* [TASK DETAILS]
Starting at the top of the entries below, set down every line exactly, please, until you reach the line with "Hokus Pokus Kissen mit frechem Spruch", which is included too.

* [RECORDS FOR THE EXERCISE]
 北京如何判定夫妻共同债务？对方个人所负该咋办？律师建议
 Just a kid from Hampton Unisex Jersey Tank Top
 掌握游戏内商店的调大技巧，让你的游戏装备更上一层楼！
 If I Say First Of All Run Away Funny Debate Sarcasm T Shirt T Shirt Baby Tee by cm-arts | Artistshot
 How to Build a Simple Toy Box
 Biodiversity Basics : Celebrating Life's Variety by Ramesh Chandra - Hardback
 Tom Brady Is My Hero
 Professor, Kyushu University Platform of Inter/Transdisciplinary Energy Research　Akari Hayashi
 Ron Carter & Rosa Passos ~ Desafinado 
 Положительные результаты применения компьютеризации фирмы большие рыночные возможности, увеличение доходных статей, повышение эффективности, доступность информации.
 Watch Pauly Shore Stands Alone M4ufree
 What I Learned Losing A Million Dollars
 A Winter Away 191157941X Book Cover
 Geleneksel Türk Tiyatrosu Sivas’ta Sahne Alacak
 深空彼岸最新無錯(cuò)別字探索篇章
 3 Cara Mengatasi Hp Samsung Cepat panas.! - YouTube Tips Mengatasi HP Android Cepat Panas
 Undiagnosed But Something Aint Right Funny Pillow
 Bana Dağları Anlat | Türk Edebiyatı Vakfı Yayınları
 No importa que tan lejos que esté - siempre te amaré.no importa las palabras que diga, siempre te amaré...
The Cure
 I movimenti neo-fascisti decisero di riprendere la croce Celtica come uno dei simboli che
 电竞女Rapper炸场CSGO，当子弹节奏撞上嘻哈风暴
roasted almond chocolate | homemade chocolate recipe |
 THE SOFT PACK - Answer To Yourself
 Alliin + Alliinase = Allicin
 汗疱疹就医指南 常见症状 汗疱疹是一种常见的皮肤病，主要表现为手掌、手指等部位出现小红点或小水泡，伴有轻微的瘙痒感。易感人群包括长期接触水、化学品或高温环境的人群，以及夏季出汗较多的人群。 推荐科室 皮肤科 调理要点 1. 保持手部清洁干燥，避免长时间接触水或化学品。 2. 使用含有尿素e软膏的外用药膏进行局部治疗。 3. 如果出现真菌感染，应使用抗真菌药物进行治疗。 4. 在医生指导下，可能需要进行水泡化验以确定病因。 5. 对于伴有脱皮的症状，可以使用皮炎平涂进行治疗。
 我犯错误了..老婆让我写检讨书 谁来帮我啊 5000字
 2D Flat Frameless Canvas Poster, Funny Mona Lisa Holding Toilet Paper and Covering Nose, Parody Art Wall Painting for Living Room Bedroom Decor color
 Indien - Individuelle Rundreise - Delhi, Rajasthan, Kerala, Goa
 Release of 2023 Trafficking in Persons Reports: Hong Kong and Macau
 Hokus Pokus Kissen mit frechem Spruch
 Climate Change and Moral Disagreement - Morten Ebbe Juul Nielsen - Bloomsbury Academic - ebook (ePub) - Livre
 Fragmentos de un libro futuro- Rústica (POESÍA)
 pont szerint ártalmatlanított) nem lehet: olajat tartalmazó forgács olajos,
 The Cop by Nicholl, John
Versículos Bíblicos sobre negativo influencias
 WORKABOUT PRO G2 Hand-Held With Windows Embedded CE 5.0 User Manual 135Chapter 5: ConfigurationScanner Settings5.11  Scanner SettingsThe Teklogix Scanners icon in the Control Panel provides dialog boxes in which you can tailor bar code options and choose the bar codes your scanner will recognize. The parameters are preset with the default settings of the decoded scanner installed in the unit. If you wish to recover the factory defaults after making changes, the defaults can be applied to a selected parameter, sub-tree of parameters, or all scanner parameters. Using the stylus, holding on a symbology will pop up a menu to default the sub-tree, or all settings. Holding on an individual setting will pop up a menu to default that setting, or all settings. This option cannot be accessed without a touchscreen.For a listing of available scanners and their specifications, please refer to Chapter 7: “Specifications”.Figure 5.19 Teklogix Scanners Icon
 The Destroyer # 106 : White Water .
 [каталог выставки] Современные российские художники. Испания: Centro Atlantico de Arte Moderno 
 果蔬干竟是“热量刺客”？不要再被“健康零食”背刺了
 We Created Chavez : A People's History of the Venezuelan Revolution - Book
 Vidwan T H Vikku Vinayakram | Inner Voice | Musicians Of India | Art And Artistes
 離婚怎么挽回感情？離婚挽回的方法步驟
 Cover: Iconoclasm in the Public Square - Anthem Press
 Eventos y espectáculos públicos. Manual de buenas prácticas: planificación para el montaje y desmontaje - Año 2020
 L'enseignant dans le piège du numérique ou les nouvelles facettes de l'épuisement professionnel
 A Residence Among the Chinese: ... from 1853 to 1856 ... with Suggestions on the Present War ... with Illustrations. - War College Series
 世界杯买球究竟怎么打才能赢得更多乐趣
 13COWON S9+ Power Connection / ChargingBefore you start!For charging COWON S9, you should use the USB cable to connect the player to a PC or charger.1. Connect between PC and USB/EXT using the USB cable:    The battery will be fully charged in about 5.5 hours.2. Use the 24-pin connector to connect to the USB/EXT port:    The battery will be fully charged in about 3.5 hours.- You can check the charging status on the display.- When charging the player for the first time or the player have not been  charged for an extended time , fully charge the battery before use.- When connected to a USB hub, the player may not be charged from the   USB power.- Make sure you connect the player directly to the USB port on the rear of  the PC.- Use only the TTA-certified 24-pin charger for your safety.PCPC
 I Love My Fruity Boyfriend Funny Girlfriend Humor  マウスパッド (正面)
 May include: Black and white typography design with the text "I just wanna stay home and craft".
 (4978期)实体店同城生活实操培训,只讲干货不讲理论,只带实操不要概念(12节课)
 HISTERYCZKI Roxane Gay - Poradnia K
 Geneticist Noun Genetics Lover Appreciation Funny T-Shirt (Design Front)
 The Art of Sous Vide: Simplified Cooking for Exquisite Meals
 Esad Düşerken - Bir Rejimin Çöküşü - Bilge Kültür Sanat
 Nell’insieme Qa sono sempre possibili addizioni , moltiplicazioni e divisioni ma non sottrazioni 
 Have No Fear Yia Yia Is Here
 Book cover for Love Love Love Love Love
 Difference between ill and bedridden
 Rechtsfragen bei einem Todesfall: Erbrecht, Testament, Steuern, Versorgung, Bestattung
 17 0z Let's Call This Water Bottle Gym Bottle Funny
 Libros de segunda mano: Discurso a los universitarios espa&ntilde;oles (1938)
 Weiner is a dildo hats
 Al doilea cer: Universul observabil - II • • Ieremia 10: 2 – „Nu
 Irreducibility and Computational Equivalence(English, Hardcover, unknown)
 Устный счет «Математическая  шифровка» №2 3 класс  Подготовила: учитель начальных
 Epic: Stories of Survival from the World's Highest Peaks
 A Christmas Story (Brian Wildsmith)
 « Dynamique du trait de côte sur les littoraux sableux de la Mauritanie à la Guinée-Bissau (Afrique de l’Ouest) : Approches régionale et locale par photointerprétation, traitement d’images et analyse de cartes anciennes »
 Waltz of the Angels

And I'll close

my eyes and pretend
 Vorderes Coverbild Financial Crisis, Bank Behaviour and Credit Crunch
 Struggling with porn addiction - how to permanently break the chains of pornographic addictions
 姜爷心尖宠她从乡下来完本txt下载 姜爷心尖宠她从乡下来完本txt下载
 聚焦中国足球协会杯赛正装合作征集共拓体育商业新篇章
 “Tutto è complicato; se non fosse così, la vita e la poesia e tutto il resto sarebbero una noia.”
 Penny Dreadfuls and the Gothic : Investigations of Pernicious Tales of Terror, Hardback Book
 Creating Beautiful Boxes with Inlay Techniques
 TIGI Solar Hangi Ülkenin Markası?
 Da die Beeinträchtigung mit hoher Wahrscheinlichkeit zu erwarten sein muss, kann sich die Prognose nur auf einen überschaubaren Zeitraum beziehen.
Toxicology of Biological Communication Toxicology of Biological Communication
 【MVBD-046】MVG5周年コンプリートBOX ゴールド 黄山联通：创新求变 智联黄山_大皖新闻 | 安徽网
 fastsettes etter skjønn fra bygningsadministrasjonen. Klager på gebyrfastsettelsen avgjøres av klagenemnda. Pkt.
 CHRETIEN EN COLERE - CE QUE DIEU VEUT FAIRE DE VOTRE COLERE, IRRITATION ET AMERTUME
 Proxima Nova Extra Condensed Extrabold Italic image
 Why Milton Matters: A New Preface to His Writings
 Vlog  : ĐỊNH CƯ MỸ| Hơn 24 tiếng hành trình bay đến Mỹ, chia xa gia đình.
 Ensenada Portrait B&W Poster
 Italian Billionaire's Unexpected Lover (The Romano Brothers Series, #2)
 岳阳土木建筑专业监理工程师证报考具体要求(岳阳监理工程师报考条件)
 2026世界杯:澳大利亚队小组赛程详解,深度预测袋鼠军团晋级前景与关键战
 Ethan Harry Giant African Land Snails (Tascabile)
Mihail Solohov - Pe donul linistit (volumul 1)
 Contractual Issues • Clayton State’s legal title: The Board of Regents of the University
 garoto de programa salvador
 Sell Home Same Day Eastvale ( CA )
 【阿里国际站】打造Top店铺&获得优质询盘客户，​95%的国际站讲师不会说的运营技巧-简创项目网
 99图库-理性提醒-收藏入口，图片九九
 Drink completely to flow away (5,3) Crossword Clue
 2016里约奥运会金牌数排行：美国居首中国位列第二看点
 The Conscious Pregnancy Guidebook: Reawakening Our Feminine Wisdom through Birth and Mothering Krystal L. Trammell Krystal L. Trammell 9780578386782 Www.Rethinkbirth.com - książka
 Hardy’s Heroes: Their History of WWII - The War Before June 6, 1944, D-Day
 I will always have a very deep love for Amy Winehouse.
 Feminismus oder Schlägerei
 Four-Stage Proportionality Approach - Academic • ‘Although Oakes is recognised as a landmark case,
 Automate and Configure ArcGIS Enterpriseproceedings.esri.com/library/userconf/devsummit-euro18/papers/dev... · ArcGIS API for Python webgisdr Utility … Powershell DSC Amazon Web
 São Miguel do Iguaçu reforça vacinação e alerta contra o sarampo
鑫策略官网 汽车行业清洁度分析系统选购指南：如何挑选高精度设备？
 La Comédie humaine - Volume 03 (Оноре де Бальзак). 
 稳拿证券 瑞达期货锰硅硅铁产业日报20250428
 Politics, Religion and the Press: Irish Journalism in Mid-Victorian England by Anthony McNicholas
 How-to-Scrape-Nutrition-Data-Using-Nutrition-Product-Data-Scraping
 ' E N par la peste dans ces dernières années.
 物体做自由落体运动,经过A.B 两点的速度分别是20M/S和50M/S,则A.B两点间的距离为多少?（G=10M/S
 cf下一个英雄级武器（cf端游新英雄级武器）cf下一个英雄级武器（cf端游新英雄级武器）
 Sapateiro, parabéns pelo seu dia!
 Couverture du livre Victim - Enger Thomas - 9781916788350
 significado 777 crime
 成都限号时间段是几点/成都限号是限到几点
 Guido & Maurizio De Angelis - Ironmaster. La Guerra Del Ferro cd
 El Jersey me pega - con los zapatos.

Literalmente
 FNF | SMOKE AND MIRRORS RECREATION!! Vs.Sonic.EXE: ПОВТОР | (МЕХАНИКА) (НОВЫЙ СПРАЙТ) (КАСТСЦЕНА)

* [YOUR RESPONSE]
 北京如何判定夫妻共同债务？对方个人所负该咋办？律师建议
 Just a kid from Hampton Unisex Jersey Tank Top
 掌握游戏内商店的调大技巧，让你的游戏装备更上一层楼！
 If I Say First Of All Run Away Funny Debate Sarcasm T Shirt T Shirt Baby Tee by cm-arts | Artistshot
 How to Build a Simple Toy Box
 Biodiversity Basics : Celebrating Life's Variety by Ramesh Chandra - Hardback
 Tom Brady Is My Hero
 Professor, Kyushu University Platform of Inter/Transdisciplinary Energy Research　Akari Hayashi
 Ron Carter & Rosa Passos ~ Desafinado 
 Положительные результаты применения компьютеризации фирмы большие рыночные возможности, увеличение доходных статей, повышение эффективности, доступность информации.
 Watch Pauly Shore Stands Alone M4ufree
 What I Learned Losing A Million Dollars
 A Winter Away 191157941X Book Cover
 Geleneksel Türk Tiyatrosu Sivas’ta Sahne Alacak
 深空彼岸最新無錯(cuò)別字探索篇章
 3 Cara Mengatasi Hp Samsung Cepat panas.! - YouTube Tips Mengatasi HP Android Cepat Panas
 Undiagnosed But Something Aint Right Funny Pillow
 Bana Dağları Anlat | Türk Edebiyatı Vakfı Yayınları
 No importa que tan lejos que esté - siempre te amaré.no importa las palabras que diga, siempre te amaré...
The Cure
 I movimenti neo-fascisti decisero di riprendere la croce Celtica come uno dei simboli che
 电竞女Rapper炸场CSGO，当子弹节奏撞上嘻哈风暴
roasted almond chocolate | homemade chocolate recipe |
 THE SOFT PACK - Answer To Yourself
 Alliin + Alliinase = Allicin
 汗疱疹就医指南 常见症状 汗疱疹是一种常见的皮肤病，主要表现为手掌、手指等部位出现小红点或小水泡，伴有轻微的瘙痒感。易感人群包括长期接触水、化学品或高温环境的人群，以及夏季出汗较多的人群。 推荐科室 皮肤科 调理要点 1. 保持手部清洁干燥，避免长时间接触水或化学品。 2. 使用含有尿素e软膏的外用药膏进行局部治疗。 3. 如果出现真菌感染，应使用抗真菌药物进行治疗。 4. 在医生指导下，可能需要进行水泡化验以确定病因。 5. 对于伴有脱皮的症状，可以使用皮炎平涂进行治疗。
 我犯错误了..老婆让我写检讨书 谁来帮我啊 5000字
 2D Flat Frameless Canvas Poster, Funny Mona Lisa Holding Toilet Paper and Covering Nose, Parody Art Wall Painting for Living Room Bedroom Decor color
 Indien - Individuelle Rundreise - Delhi, Rajasthan, Kerala, Goa
 Release of 2023 Trafficking in Persons Reports: Hong Kong and Macau
 Hokus Pokus Kissen mit frechem Spruch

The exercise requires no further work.